Saved entries:
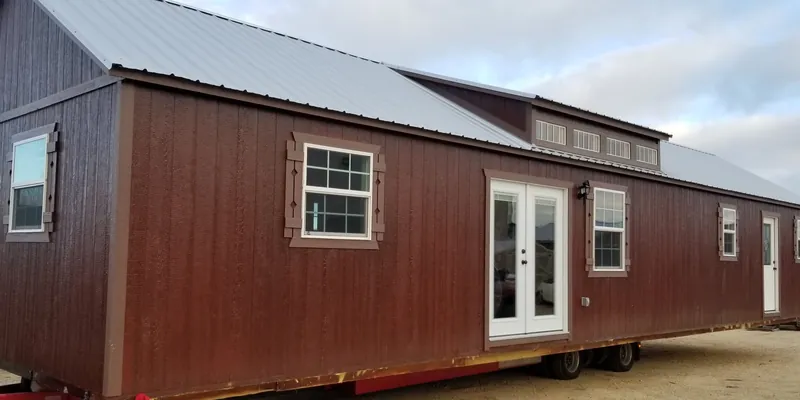 A finished cabin with French doors on a delivery trailer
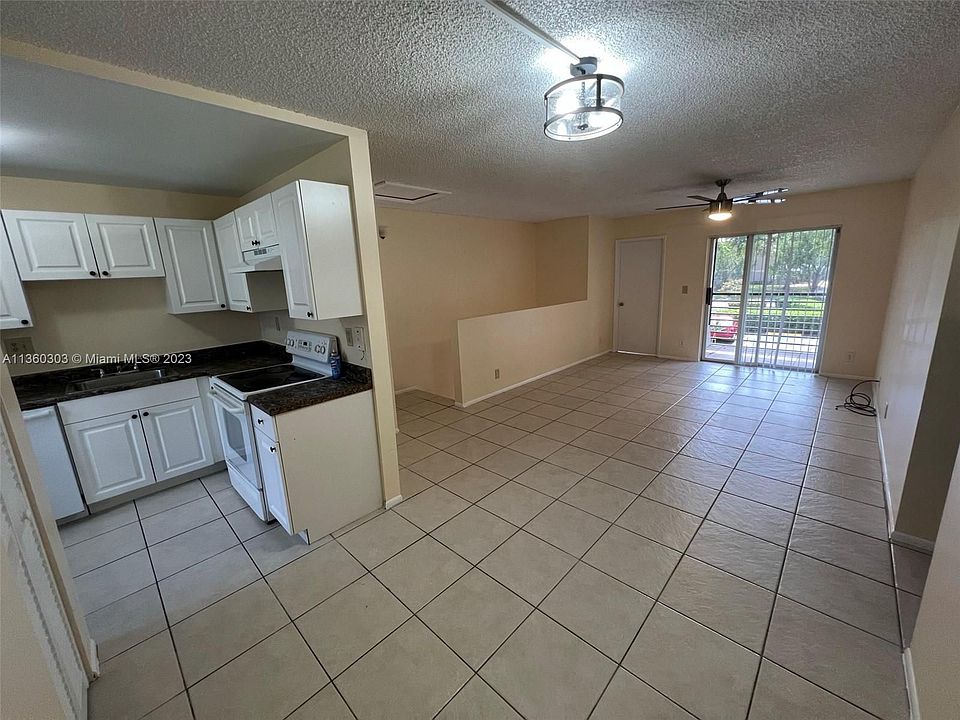 1st image of 701 Gardens Dr APT 203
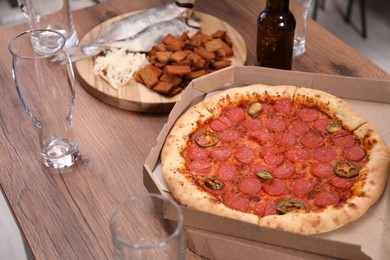Photo of Empty beer glasses and snacks on wooden table indoors, closeup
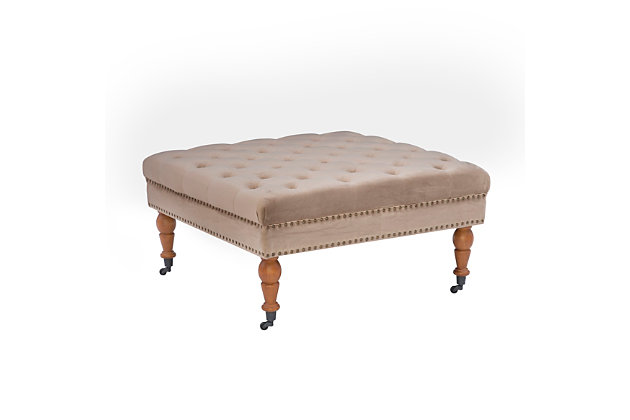 Square tufted ottoman on metal casters brings high style and versatility to your living space. Perfect as a footrest or coffee table, it wows with a tufted top and velvety soft tan fabric. Antiqued brass-tone nailheads accent the side, while turned dark walnut legs complete the richly traditional look.Made of birch wood | Foam cushioned seat covered in velvet polyester upholstery | Tufted top | Antiqued brass-tone nailhead trim | Dark walnut-tone finished legs | Metal casters | Assembly required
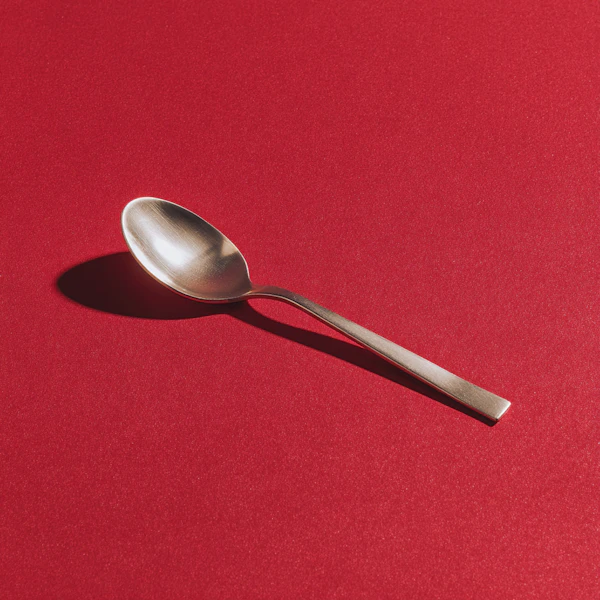 Silver Spoon on Red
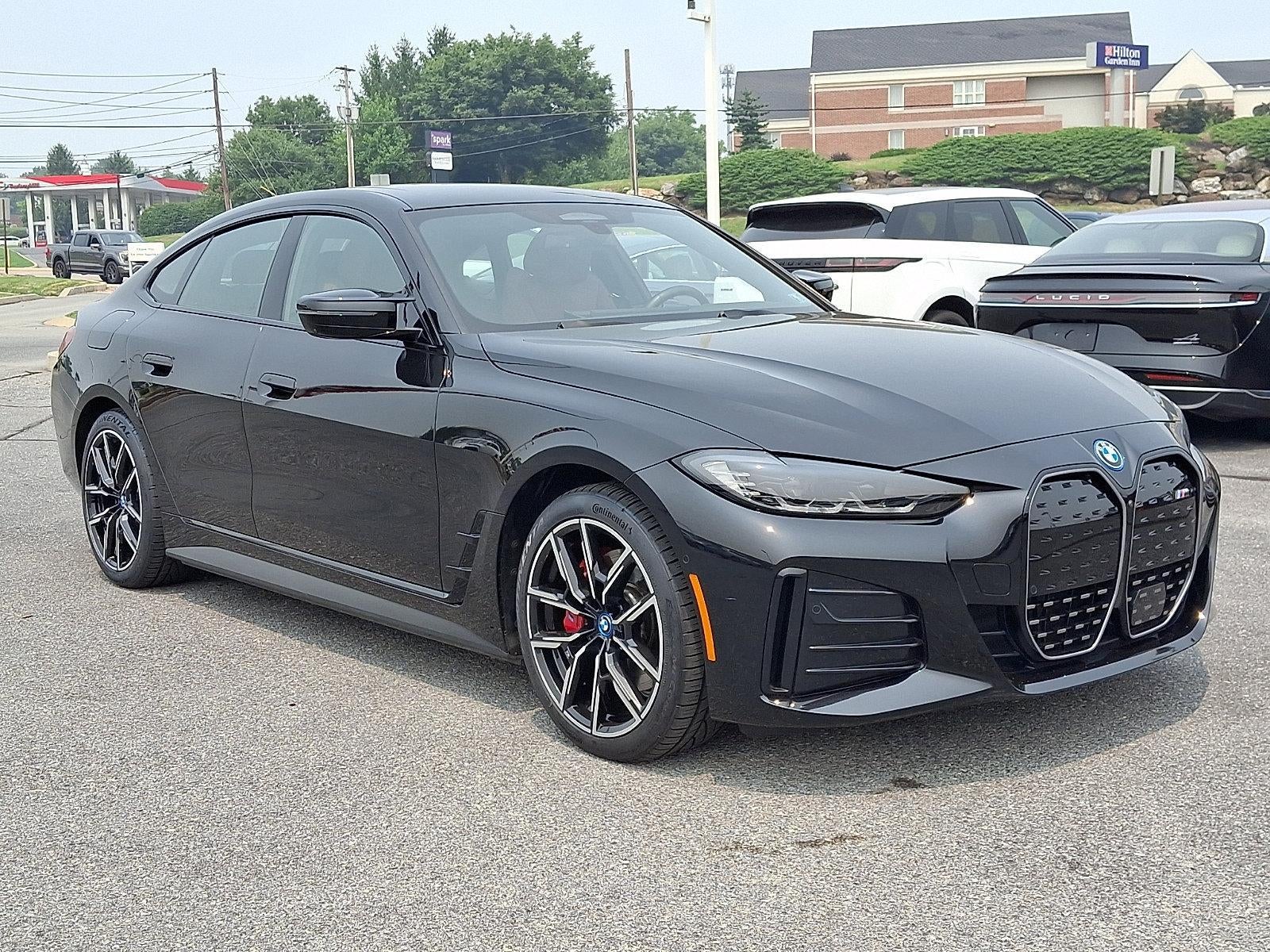 2024 BMW i4 Gran Coupe in Black Sapphire Metallic — front three-quarter view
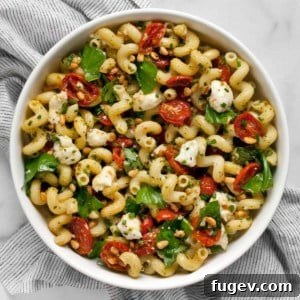 Pesto pasta salad with roasted tomatoes and mozzarella in a bowl.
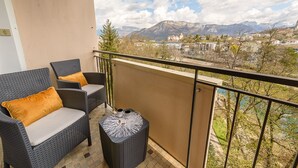 Un balcon doté de meubles en osier et d’une table, offrant une vue sur un paysage montagneux parsemé de bâtiments.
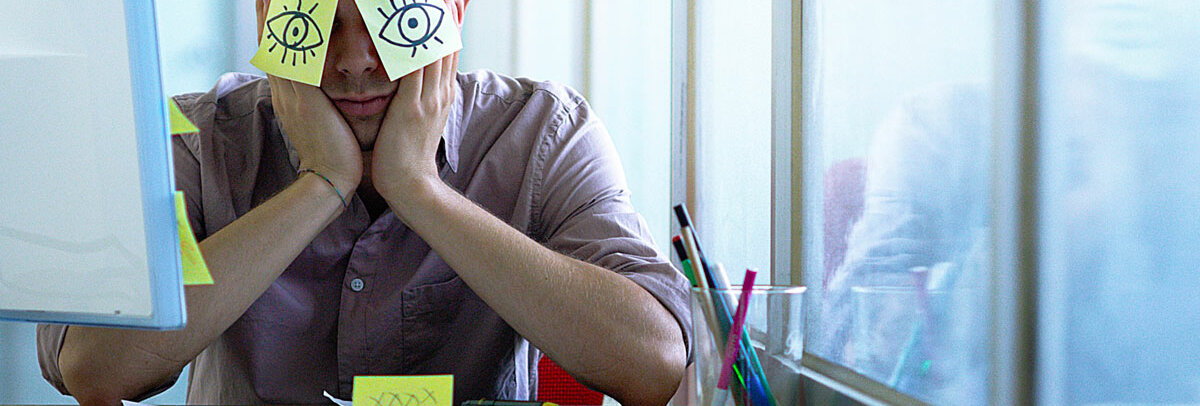 Ein Mann schläft vor seinem PC. Auf den Augen hat er Post-its mit aufgemalten offenen Augen geklebt.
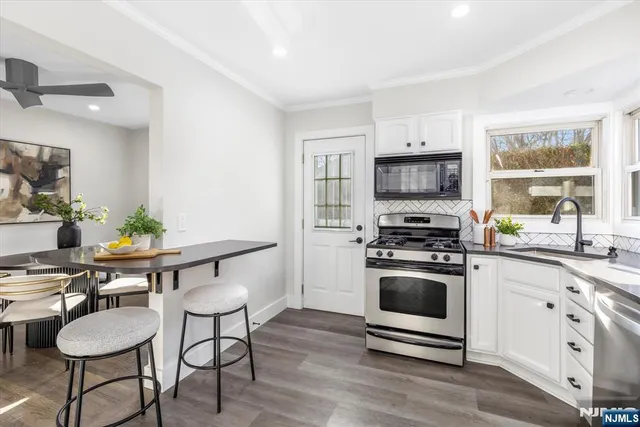 a kitchen with granite countertop a stove a sink and a microwave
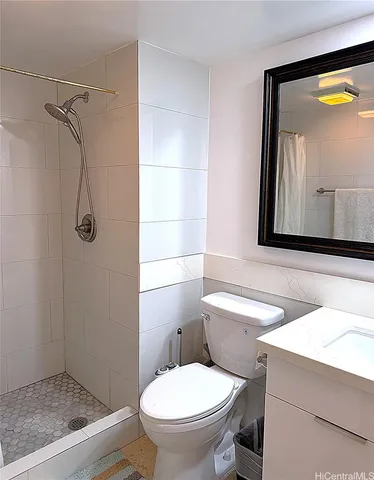 a bathroom with a toilet sink and shower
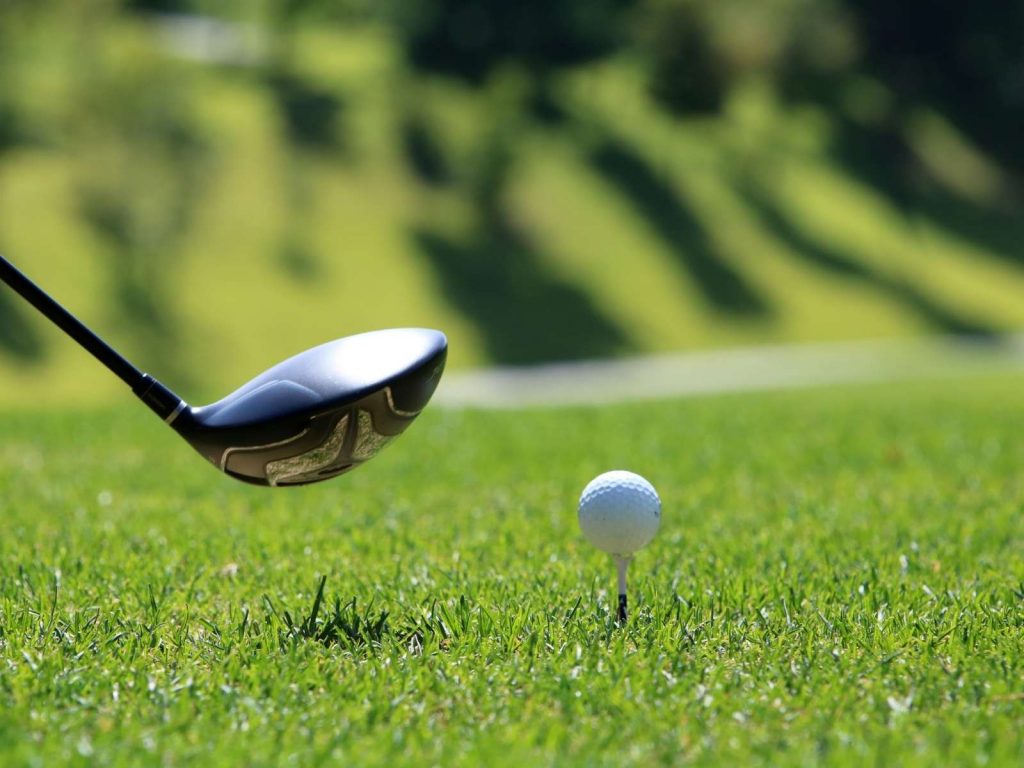 golf ball on a gold tee with a club by it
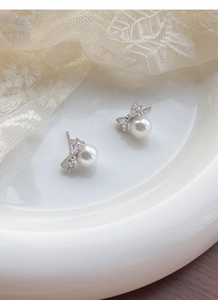 Detail shot of elegant S925 silver bow earrings with shiny pearls and zircons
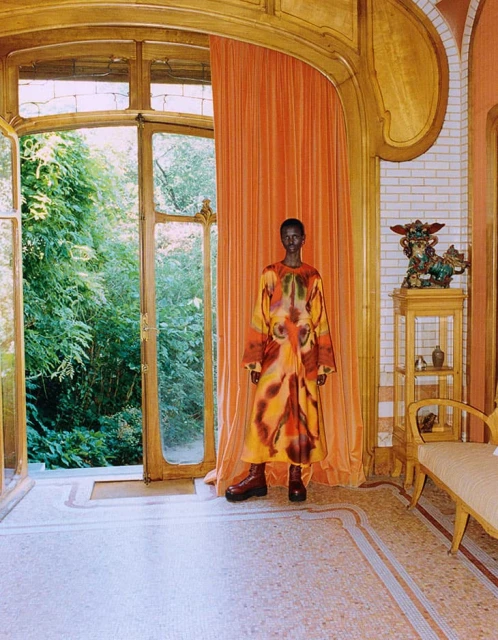 Indoor fashion shot of a Black female model in a colorful dress, standing in a room with a large open window and peach curtains.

▶ [Directions]
Repeat the entries faithfully. Any picture gets left out.

▶ [Task result]
 A finished cabin with French doors on a delivery trailer
 1st image of 701 Gardens Dr APT 203
Photo of Empty beer glasses and snacks on wooden table indoors, closeup
 Square tufted ottoman on metal casters brings high style and versatility to your living space. Perfect as a footrest or coffee table, it wows with a tufted top and velvety soft tan fabric. Antiqued brass-tone nailheads accent the side, while turned dark walnut legs complete the richly traditional look.Made of birch wood | Foam cushioned seat covered in velvet polyester upholstery | Tufted top | Antiqued brass-tone nailhead trim | Dark walnut-tone finished legs | Metal casters | Assembly required
 Silver Spoon on Red
 2024 BMW i4 Gran Coupe in Black Sapphire Metallic — front three-quarter view
 Pesto pasta salad with roasted tomatoes and mozzarella in a bowl.
 Un balcon doté de meubles en osier et d’une table, offrant une vue sur un paysage montagneux parsemé de bâtiments.
 Ein Mann schläft vor seinem PC. Auf den Augen hat er Post-its mit aufgemalten offenen Augen geklebt.
 a kitchen with granite countertop a stove a sink and a microwave
 a bathroom with a toilet sink and shower
 golf ball on a gold tee with a club by it
 Detail shot of elegant S925 silver bow earrings with shiny pearls and zircons
 Indoor fashion shot of a Black female model in a colorful dress, standing in a room with a large open window and peach curtains.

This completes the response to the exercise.